A headmistress who failed to appear for sentencing yesterday, after being convicted of stealing £500,000 from school funds, made a court apperance today.

Former nun Colleen McCabe, aged 50, of Longlands Park Crescent, Sidcup, funded a luxury lifestyle with the money, buying Gucci watches, jewellery, and a trip on the Orient Express, while her Catholic comprehensive school struggled with a chronic cash shortfall.

McCabe was due in court yesterday morning, and a judge issued a warrant for her arrest after she did not attend.

It was later reported that she had been found at home, and taken to hospital for treatment.

She appeared in Greenwich Magistrates Court this morning and was remanded in custody, to be sentenced next week.

Shopaholic McCabe, who was known as Big Mac at St John Rigby College, was likened to Imelda Marcos because she shared a love of new shoes with the Phillipino dictator’s wife.

She claimed the designer outfits she bought were for students’ job interviews and a pack of condoms was for sex education classes.

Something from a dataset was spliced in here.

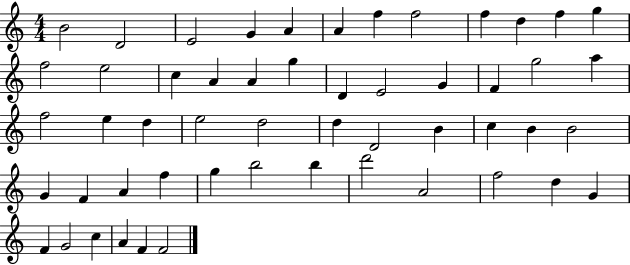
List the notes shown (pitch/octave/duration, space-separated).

B4/h D4/h E4/h G4/q A4/q A4/q F5/q F5/h F5/q D5/q F5/q G5/q F5/h E5/h C5/q A4/q A4/q G5/q D4/q E4/h G4/q F4/q G5/h A5/q F5/h E5/q D5/q E5/h D5/h D5/q D4/h B4/q C5/q B4/q B4/h G4/q F4/q A4/q F5/q G5/q B5/h B5/q D6/h A4/h F5/h D5/q G4/q F4/q G4/h C5/q A4/q F4/q F4/h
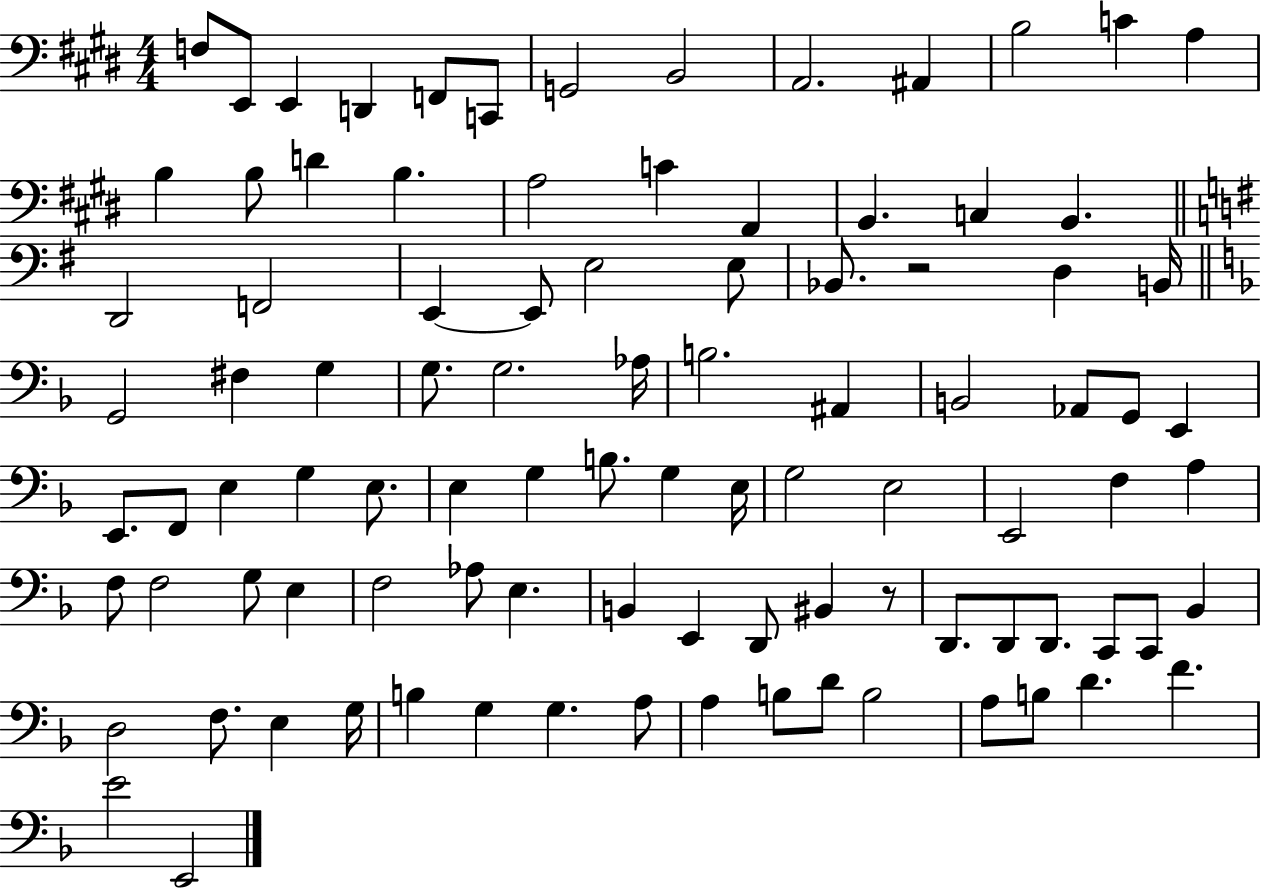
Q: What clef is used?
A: bass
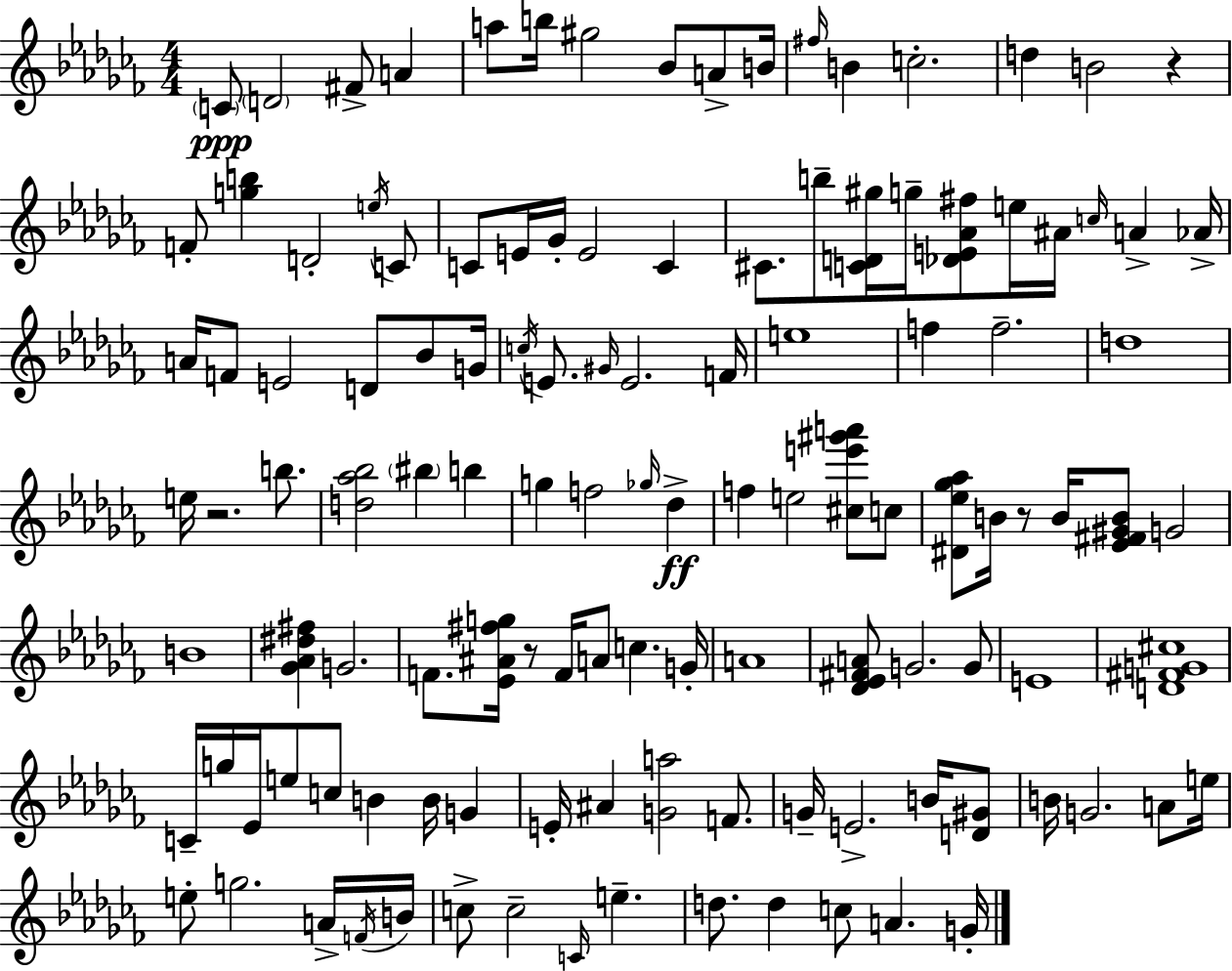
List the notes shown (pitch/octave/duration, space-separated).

But a Southwark Crown Court jury dismissed her story and convicted her of 11 charges of theft and six counts of obtaining money transfers by deception.

McCabe, who had denied the charges, shook her head in apparent disbelief as the verdicts were given, after a two month trial.

The school’s bursar Maureen Stapley, aged 41, of Carlyle Road, Addiscombe, Surrey, was cleared of six charges of obtaining money transfers by deception.

Judge Christopher Elwen told her: “I am sorry the court cannot do anything about the damage done to your mental and physical health by the vindictiveness of your co-defendant.” McCabe had tried to point the finger of blame at bursar Stapley, claiming she always handed Stapley back any school cash used for personal purchases.

Jurors heard that at the same time there was paint peeling off the walls of the school, the boilers didn’t work during the winter, the roofs leaked and there was a lack of crucifixes.